Both modern and ancient republics vary widely in their ideology and composition. The most common definition of a republic is a state without a monarch.[3][4] In republics such as the United States and France, the executive is legitimized both by a constitution and by popular suffrage. In the United States, James Madison defined republic in terms of representative democracy as opposed to direct democracy,[5] and this usage is still employed by many viewing themselves as "democrats".[6] Montesquieu included both democracies, where all the people have a share in rule, and aristocracies or oligarchies, where only some of the people rule, as republican forms of government.[7] In modern political science, republicanism refers to a specific ideology that is based on civic virtue and is considered distinct from ideologies such as liberalism.[8]

Most often a republic is a sovereign country, but there are also subnational entities that are referred to as republics, or which have governments that are described as "republican" in nature.

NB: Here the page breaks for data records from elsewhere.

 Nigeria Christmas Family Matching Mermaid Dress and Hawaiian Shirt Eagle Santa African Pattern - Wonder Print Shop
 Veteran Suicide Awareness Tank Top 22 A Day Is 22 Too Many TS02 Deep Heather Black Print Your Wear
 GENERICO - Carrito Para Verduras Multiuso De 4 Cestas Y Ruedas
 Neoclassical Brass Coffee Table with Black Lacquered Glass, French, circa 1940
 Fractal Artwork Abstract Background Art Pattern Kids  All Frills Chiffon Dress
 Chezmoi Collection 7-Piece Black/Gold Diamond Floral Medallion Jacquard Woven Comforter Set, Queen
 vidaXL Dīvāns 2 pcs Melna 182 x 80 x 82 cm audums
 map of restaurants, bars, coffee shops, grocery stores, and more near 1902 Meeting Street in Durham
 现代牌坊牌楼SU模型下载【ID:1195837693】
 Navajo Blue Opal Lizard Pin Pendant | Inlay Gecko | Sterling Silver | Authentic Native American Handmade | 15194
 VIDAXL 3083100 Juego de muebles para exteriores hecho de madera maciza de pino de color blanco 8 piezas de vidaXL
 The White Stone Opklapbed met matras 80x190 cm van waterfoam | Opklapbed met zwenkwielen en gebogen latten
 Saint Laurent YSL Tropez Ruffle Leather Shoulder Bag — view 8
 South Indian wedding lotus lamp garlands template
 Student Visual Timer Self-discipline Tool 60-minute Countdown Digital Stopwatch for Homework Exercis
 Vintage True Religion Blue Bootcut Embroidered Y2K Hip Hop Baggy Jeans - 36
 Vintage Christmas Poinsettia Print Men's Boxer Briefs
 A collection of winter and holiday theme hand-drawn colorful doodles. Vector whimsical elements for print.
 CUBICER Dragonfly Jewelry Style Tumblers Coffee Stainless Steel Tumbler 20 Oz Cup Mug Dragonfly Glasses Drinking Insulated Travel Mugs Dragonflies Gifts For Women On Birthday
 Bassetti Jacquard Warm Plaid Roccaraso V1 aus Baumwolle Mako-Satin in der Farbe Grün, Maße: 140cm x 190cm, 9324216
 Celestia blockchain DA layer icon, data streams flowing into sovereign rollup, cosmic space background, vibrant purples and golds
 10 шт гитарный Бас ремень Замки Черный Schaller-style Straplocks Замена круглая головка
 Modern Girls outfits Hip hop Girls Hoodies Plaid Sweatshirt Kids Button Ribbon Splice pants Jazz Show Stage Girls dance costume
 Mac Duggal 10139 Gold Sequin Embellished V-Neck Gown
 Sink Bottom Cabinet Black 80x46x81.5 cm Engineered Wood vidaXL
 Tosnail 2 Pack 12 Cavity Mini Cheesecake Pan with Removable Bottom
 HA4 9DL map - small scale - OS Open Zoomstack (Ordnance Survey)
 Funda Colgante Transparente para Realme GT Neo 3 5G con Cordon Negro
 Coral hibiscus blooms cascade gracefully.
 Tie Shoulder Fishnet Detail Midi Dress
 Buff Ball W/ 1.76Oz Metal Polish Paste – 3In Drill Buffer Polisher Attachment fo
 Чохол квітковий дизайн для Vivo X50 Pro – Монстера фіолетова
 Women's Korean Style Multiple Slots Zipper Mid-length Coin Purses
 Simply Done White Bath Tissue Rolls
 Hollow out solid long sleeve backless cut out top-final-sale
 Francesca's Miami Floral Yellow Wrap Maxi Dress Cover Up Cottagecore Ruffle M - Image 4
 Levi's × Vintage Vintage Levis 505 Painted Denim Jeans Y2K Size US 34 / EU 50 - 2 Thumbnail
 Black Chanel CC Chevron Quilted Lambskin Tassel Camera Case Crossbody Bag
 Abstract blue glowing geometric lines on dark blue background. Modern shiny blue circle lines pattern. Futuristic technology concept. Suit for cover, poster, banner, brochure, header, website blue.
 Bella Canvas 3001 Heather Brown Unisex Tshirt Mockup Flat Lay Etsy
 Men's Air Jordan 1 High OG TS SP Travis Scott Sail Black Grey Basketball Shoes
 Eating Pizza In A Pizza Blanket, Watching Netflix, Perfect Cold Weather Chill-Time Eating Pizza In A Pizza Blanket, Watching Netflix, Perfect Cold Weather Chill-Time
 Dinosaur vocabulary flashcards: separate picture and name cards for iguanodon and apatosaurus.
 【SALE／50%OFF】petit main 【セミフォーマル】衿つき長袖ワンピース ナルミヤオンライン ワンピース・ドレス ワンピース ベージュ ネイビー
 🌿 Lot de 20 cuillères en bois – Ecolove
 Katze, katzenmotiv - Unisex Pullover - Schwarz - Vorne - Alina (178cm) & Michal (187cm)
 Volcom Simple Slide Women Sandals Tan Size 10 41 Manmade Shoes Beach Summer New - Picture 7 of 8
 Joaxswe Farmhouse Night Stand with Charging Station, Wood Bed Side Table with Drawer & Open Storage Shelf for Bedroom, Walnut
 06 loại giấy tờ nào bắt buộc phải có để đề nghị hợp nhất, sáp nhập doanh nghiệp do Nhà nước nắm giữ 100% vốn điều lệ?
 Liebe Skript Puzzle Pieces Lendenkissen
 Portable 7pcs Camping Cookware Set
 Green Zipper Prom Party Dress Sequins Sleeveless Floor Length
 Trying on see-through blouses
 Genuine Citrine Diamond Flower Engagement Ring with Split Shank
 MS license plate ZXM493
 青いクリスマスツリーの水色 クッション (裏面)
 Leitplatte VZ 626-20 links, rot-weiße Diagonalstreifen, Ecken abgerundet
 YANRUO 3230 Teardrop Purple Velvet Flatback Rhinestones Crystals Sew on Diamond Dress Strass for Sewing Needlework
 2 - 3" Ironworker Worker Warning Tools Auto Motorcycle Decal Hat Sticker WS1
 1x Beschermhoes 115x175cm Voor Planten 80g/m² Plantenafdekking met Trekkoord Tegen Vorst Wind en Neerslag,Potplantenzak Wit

For instance, Article IV of the Constitution of the United States "guarantee[s] to every State in this Union a Republican form of Government."[9] The Soviet Union was a single nation composed of distinct and nominally sovereign Soviet Socialist Republics.

Niccolò Machiavelli described the governance and foundation of the ideal republic in his work Discourses on Livy. These writings, as well as those of his contemporaries such as Leonardo Bruni, are the foundation of the ideology political scientists call republicanism.[10][11]